[DATA TO PROCESS — start]
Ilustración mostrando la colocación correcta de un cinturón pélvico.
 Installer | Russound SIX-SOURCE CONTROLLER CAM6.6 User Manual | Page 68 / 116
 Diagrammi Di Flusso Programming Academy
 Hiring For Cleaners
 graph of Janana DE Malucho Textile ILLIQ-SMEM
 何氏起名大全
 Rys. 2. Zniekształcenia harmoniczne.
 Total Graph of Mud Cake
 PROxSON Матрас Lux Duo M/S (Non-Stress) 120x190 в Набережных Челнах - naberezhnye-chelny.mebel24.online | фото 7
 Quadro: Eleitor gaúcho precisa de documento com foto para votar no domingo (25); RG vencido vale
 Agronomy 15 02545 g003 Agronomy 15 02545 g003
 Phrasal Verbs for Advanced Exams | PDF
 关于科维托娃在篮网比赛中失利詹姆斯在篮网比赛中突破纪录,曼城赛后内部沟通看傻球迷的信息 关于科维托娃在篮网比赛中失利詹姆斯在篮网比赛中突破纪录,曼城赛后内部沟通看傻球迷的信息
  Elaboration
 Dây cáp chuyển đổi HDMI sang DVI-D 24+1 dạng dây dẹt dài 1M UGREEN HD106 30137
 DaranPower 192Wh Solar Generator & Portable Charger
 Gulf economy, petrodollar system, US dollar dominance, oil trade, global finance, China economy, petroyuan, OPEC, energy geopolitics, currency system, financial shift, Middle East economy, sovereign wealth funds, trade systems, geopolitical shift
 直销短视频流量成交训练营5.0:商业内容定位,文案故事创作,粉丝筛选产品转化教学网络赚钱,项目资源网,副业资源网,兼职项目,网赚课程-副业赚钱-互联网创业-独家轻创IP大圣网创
[DATA TO PROCESS — finish]
YOUR OBJECTIVE:
Return every record, word for word.

ANSWER TO THE EXERCISE:
Ilustración mostrando la colocación correcta de un cinturón pélvico.
 Installer | Russound SIX-SOURCE CONTROLLER CAM6.6 User Manual | Page 68 / 116
 Diagrammi Di Flusso Programming Academy
 Hiring For Cleaners
 graph of Janana DE Malucho Textile ILLIQ-SMEM
 何氏起名大全
 Rys. 2. Zniekształcenia harmoniczne.
 Total Graph of Mud Cake
 PROxSON Матрас Lux Duo M/S (Non-Stress) 120x190 в Набережных Челнах - naberezhnye-chelny.mebel24.online | фото 7
 Quadro: Eleitor gaúcho precisa de documento com foto para votar no domingo (25); RG vencido vale
 Agronomy 15 02545 g003 Agronomy 15 02545 g003
 Phrasal Verbs for Advanced Exams | PDF
 关于科维托娃在篮网比赛中失利詹姆斯在篮网比赛中突破纪录,曼城赛后内部沟通看傻球迷的信息 关于科维托娃在篮网比赛中失利詹姆斯在篮网比赛中突破纪录,曼城赛后内部沟通看傻球迷的信息
  Elaboration
 Dây cáp chuyển đổi HDMI sang DVI-D 24+1 dạng dây dẹt dài 1M UGREEN HD106 30137
 DaranPower 192Wh Solar Generator & Portable Charger
 Gulf economy, petrodollar system, US dollar dominance, oil trade, global finance, China economy, petroyuan, OPEC, energy geopolitics, currency system, financial shift, Middle East economy, sovereign wealth funds, trade systems, geopolitical shift
 直销短视频流量成交训练营5.0:商业内容定位,文案故事创作,粉丝筛选产品转化教学网络赚钱,项目资源网,副业资源网,兼职项目,网赚课程-副业赚钱-互联网创业-独家轻创IP大圣网创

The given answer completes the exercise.